Bepalend voor het behoud van de BOS-status was de kostendekkingsgraad en de vervoersomvang van het stadsvervoer. Op grond van die criteria vielen enkele steden meteen al af. Vele anderen moesten een businessplan opstellen op grond waarvan zij de begeerde status nog zouden kunnen behouden. Tot ergernis van de betrokken gemeenten zijn de meeste businessplannen afgekeurd door het ministerie. Niet geheel ten onrechte wijzen zij de minister op het feit dat ook de provincie de kostendekkingsgraad niet omhoog zal kunnen toveren.

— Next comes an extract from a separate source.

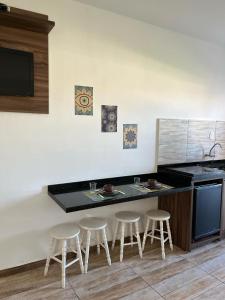 a kitchen with a counter with three stools in it at Pousada Floresta in Bombinhas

Een aantal steden verloor de BOS-status al eerder doordat de bevoegdheid was overgeheveld naar een van de zeven kaderwetgebieden. Hier volgt het volledige overzicht van stadsdiensten per 1 januari 1998:
Steden met eigen vervoersbedrijf (BOV-steden)
Amsterdam, Den Haag, Dordrecht, Groningen, Maastricht, Nijmegen, Rotterdam, Utrecht
BOS-steden
Alkmaar, Almere, Amersfoort, Apeldoorn, Breda, Den Bosch, Haarlem, Hilversum, Leeuwarden, Leiden, Lelystad, Tilburg, Zwolle
Ex-BOS steden in kaderwetgebieden
Almelo, Delft, Eindhoven, Enschede, Haarlemmermeer (Hoofddorp), Helmond, Hengelo, Nieuwegein, Purmerend, Schiedam, Spijkenisse, Vlaardingen, Zaanstad, Zoetermeer.

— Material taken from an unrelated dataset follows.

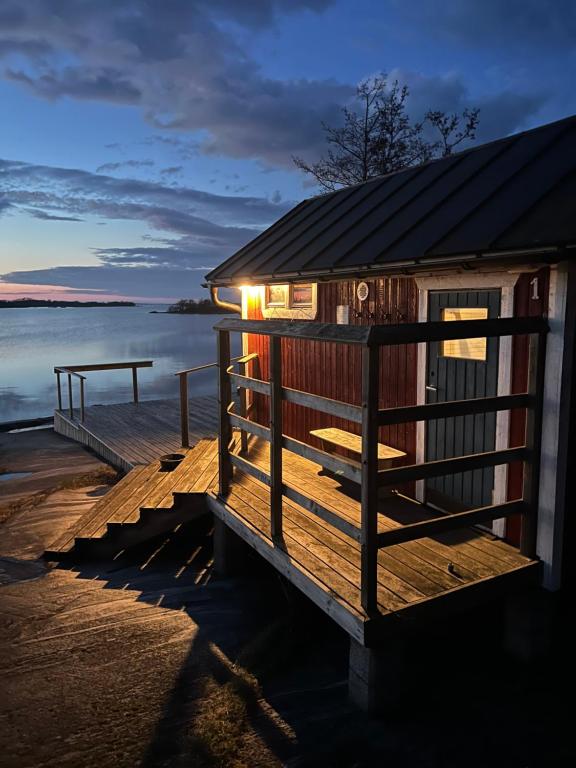 a cabin on a dock with the water in the background at Sandvik Gästhamn & Camping in Kökar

Ex-BOS-steden waarvoor de bevoegdheden zijn overgedragen aan de provincie
Alphen a/d Rijn, Assen, Bergen op Zoom, Den Helder, Deventer, Emmen, Gorinchem, Gouda, Harderwijk, Heerlen, Hoogeveen, Hoorn, Kampen, Middelburg & Vlissingen, Oss, Roermond, Roosendaal, Sittard, Smallingerland (Drachten), Venlo.
Arnhem (komt niet voor in het overzicht van OV-magazine).